*** Begin section ***

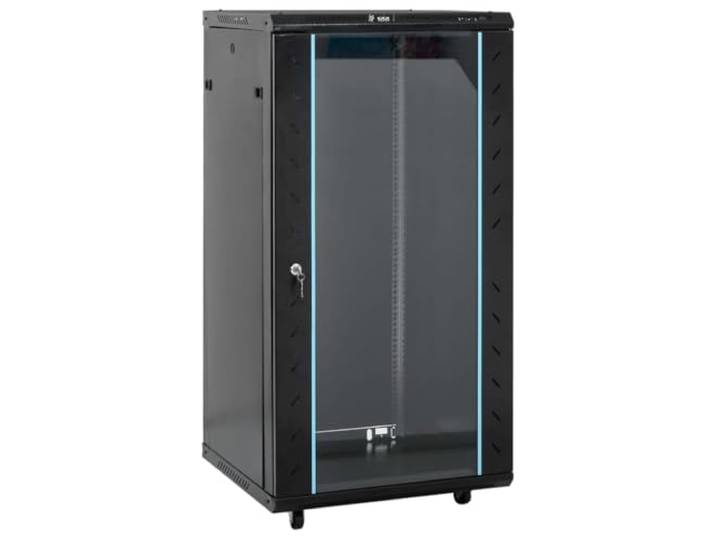 Schrank Rack Server, Netzwerkschrank, Netzwerkschrank mit schwenkbaren Füßen, 22U, 19 Zoll, IP20, 60 x 60 x 120 cm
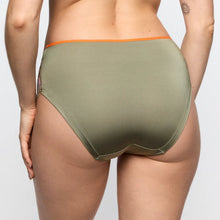 Load image into Gallery viewer, Green underwear with orange waistband on a plain background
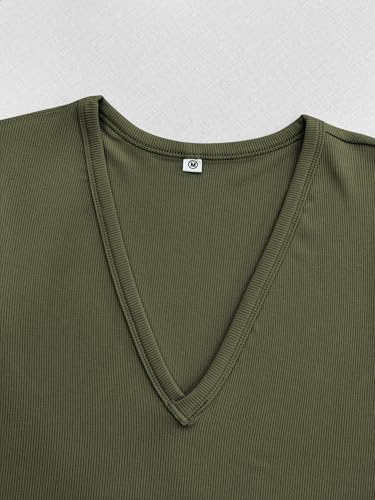 Image of Albe Rita Women Short Sleeve T-Shirt Cap V Neck Shirts for Women Ribbed Casual Top Knit Slim Fit for Summer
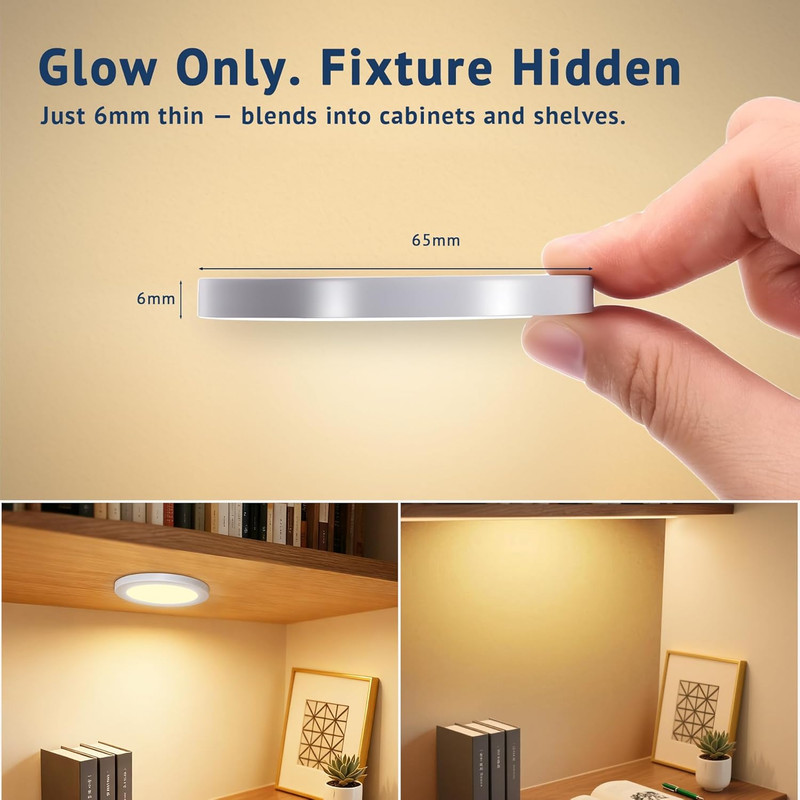 Smart Under Cabinet Lights, Dimmable Puck Lighting with App & Voice Control gallery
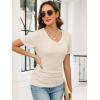 imageANRABESS Womens Tops Short Sleeve V Neck Shirts Slim Fit Ribbed Knit Shirt 2026 Summer Dressy Casual Lightweight SweatersBeige
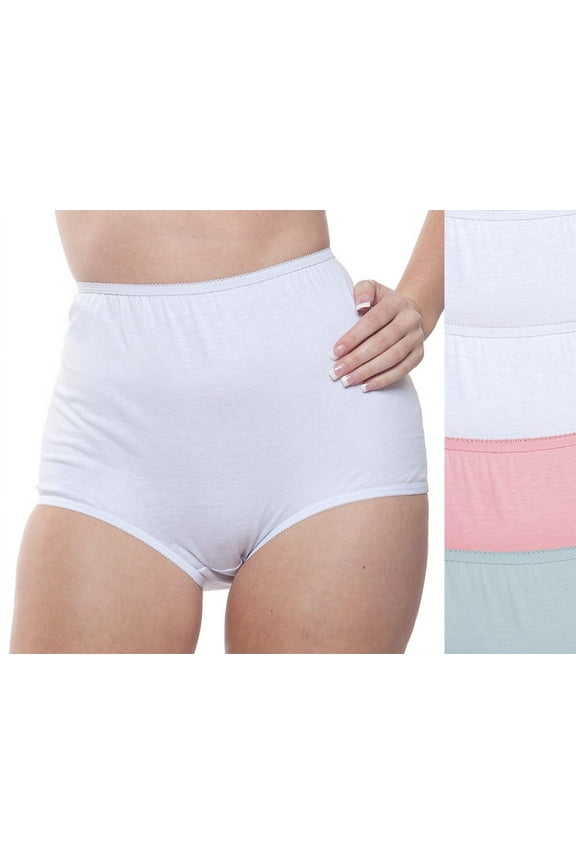 Women's Teri Full Coverage, Elastic Leg, Cotton Brief, Assorted Pastel 4 Pack Style 122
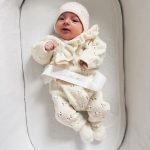 Merino Baby Romper and Bonnet Set - Cream Knit with Ruffles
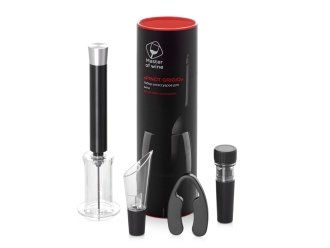 Изображение №1 | Набор аксессуаров для вина «Pinot Grigio» (черный/серебристый)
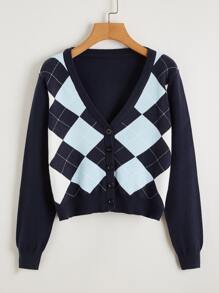 Button Up Argyle Cardigan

*** End section ***

### YOUR OBJECTIVE
Leave out the pictures and copy every record above exactly.

### WRITTEN ANSWER
 Schrank Rack Server, Netzwerkschrank, Netzwerkschrank mit schwenkbaren Füßen, 22U, 19 Zoll, IP20, 60 x 60 x 120 cm
 Load image into Gallery viewer, Green underwear with orange waistband on a plain background
 Image of Albe Rita Women Short Sleeve T-Shirt Cap V Neck Shirts for Women Ribbed Casual Top Knit Slim Fit for Summer
 Smart Under Cabinet Lights, Dimmable Puck Lighting with App & Voice Control gallery
 imageANRABESS Womens Tops Short Sleeve V Neck Shirts Slim Fit Ribbed Knit Shirt 2026 Summer Dressy Casual Lightweight SweatersBeige
 Women's Teri Full Coverage, Elastic Leg, Cotton Brief, Assorted Pastel 4 Pack Style 122
 Merino Baby Romper and Bonnet Set - Cream Knit with Ruffles
 Изображение №1 | Набор аксессуаров для вина «Pinot Grigio» (черный/серебристый)
 Button Up Argyle Cardigan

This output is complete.